Deep learning techniques have emerged as a promising approach for simulating highly nonlinear and complex relationships between different variables. In particular, deep learning models with convolutional neural networks [CNNs, LeCun et al. (2015)] can capture complex spatial structures showing great performances. Originally developed for computer vision problems, CNNs for climate and Earth system sciences have been growing rapidly during recent years (Reichstein et al. 2019) including detection of extreme weather events (Liu et al. 2016; Racah et al. 2017) and weather and climate forecasting (Chapman et al. 2019; Ham et al. 2019; Liang et al. 2021; Ravuri et al. 2021; Scher and Messori 2019; Shi et al. 2015). Besides capturing complex spatial features, recent study has shown deep learning with deep convolutional layers and upsampling layers can process multiple input–output spatial variables at one time, accounting for their physical relations, suggesting a great potential for bias correcting and downscaling dependences of multiple variables (Wang and Tian 2022). Since the intervariable relationships are integrated into model training with no prior assumptions, deep learning models with convolutional layers taking multiple physically associated variables at once have opportunities to capture complex relationships beyond our prior knowledge and provide potentials for improving bias corrections of both spatial and intervariable dependences in GCMs/ESMs.
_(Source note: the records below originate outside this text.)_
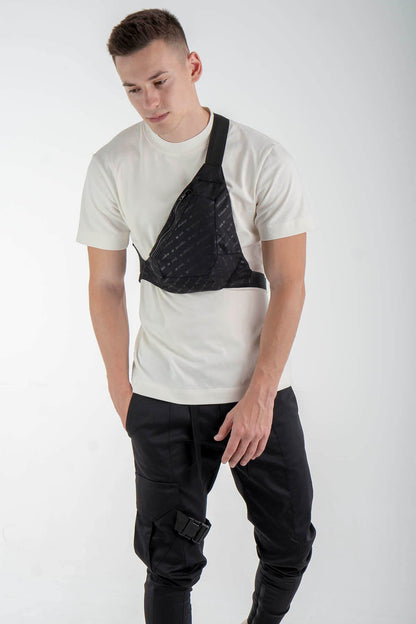 Printed Triangle Bum Bag in Black
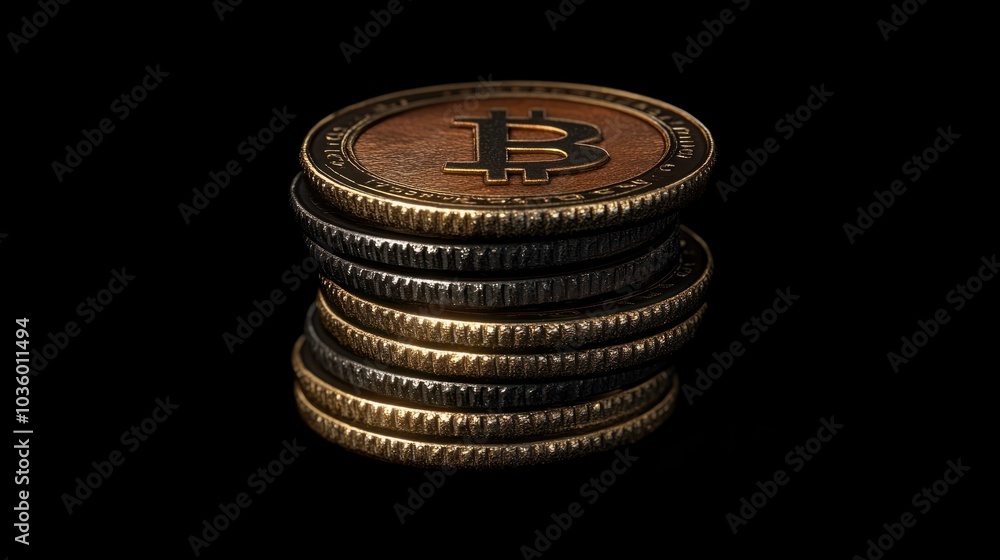 Poster a stack of coins with a bitcoin symbol on it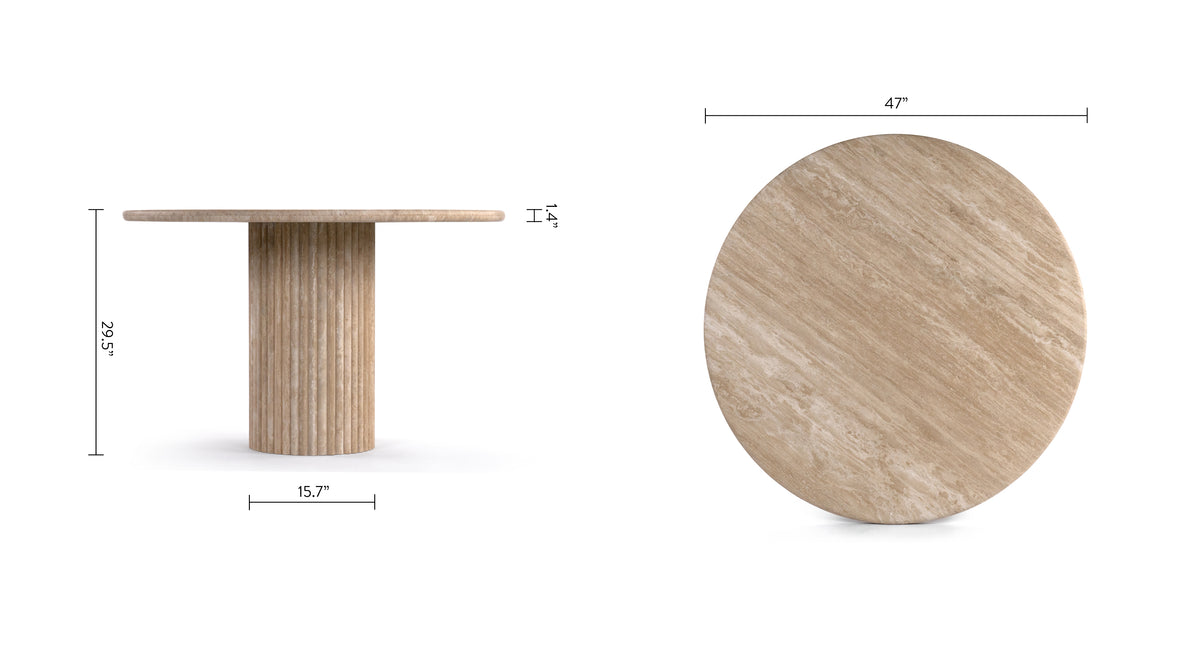 Saturn - Saturn Round Pedestal Dining Table, Travertine, 47in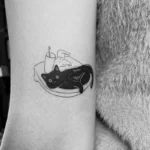 Black Cat Memorial Tattoo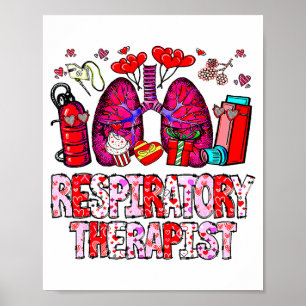 Póster Terapeuta Respiratorio Rt Divertido Día de San Val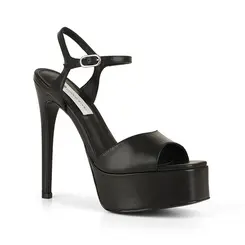 Sandalia Plataforma Nora Couro Preto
Deep learning with convolutional layers models have been applied to downscale and bias correcting climate variables and show superiority over traditional methods (Baño-Medina et al. 2022; François et al. 2021; Fulton et al. 2023; Hess et al. 2023; Hess et al. 2022; Liu et al. 2020; Pan et al. 2021; Quesada-Chacón et al. 2022; Quesada‐Chacón et al. 2023; Rodrigues et al. 2018; Vandal et al. 2017; Wang and Tian 2022). However, most of these studies focus on bias correcting individual climate variables, neglecting their physical relationships, while only several studies accounted for the intervariable relationships among multiple climate variables. Wang and Tian (2022) used a Super Resolution Deep Residual Network (SRDRN) deep learning model to simultaneously bias correct and downscale minimum temperature (Tmin) and maximum temperature (Tmax) of 20 CMIP6 GCMs, showing that the intervariable relationship between Tmin and Tmax is well captured, while statistical multivariate bias correction methods experienced unrealistic artifacts (e.g., showing Tmin > Tmax in the downscaled and bias-corrected fields). Fulton et al. (2023) used a generative adversarial network (GAN) based model, namely the Unsupervised Image-to-Image Translation (UNIT) neural network architecture, to simultaneously bias correct five climate variables. The results indicate that the UNIT model creates fewer extreme values than the target distribution and applying the quantile mapping (QM) method to postprocess the UNIT model outputs show the optimum outcome. This method, however, has a strict stationary assumption between model training (past) and testing (future) periods and may face great challenges when a distinct trend exists between past and future periods, considering climate non-stationarity, particularly when applying to the GCMs/ESMs projections. This, in fact, is a common issue of using deep learning for climate change projections due to its inability to extrapolate beyond their training data to unseen circumstances where system has considerably changed (de Silva et al. 2020; Read et al. 2019; Wi and Steinschneider 2022).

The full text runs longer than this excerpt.